In college, I rode a bus from my apartment complex to campus and back every day.
Some days, a girl rode the bus who, I liked to think, was like me. Quiet. Shy. Serious. From the way she dressed and watched the familiar Columbia, Missouri, streets glide pass through the window, I thought maybe she was an artist. I liked that.
Other days, there was a boy on the bus who would talk to me. He wore glasses, had a fleshy face, a denim jacket. I don't remember his name. Maybe I never knew it.
One day, the girl and the boy were on the bus together. The boy started talking to me, and the conversation inexplicably drifted to the liberals and weirdos and troublemakers on campus. His speech became louder, more animated, and though he pretended to be talking to me, I knew he was talking to her.

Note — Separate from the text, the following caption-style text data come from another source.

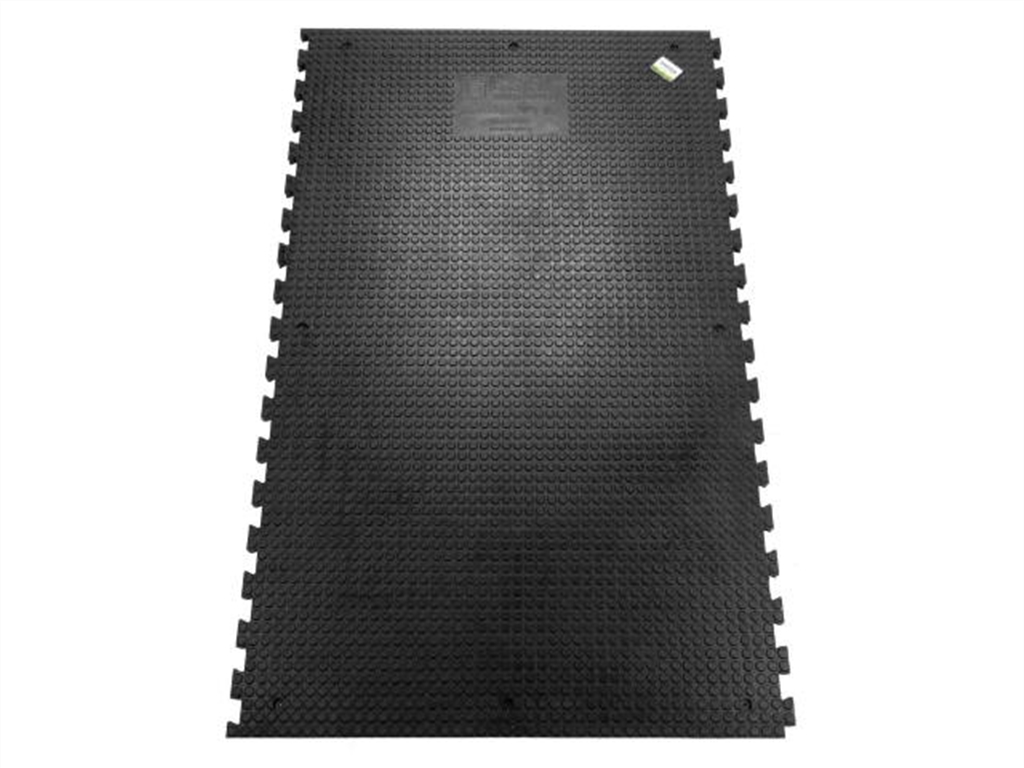 Mat MOTION Easyfix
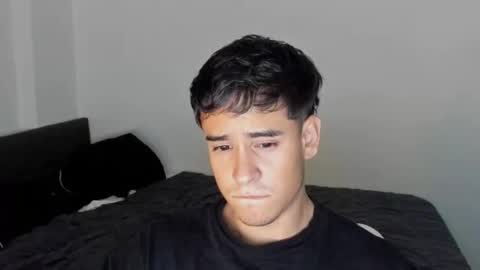 Tairo online show from February 2025 03:22:01 AM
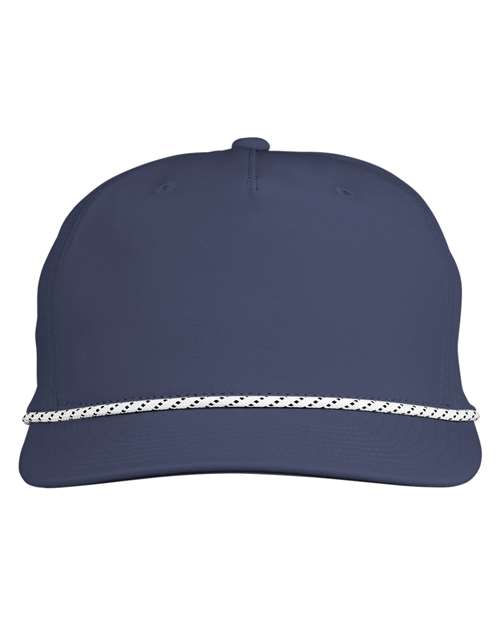 Swannies - Brewer Cap - SWB100
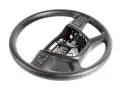 Steering Wheel Mercedes Actros MP5 A9608202490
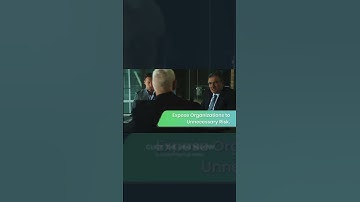 AI-Powered DSPM Validation: Faster, Accurate & Secure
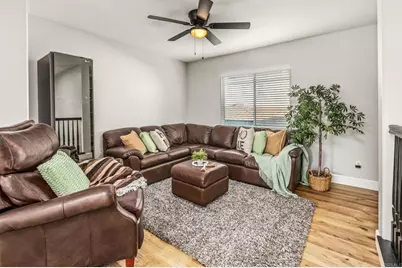 5345 Village Drive, Oceanside, CA 92057 - Photo 4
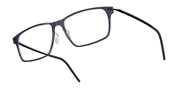 LINDBERG NOW6507C14-PU9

She shifted uncomfortably in her seat, refocused her gaze through the glass. He continued. I did nothing. Said nothing. Rehearsed in my mind, "please shut up please shut up please shut up," until the bus ride mercifully ended.
Why did I not defend the girl on the bus from the bully on the bus? Why did I not say something, do something, anything?
I've known people of all persuasions since who, no matter how harmlessly conversations start, can't help but turn it back to their pet issues. They don't want a discussion, or even an argument. They just want to make you, and everyone around you, uncomfortable.
I don't know what happened to the bully on the bus. Maybe he's on the ballot somewhere Tuesday. She's a professor.
I hope that I've grown since then, but sometimes I wake up in the middle of the night and think about the bully on the bus. And the silence.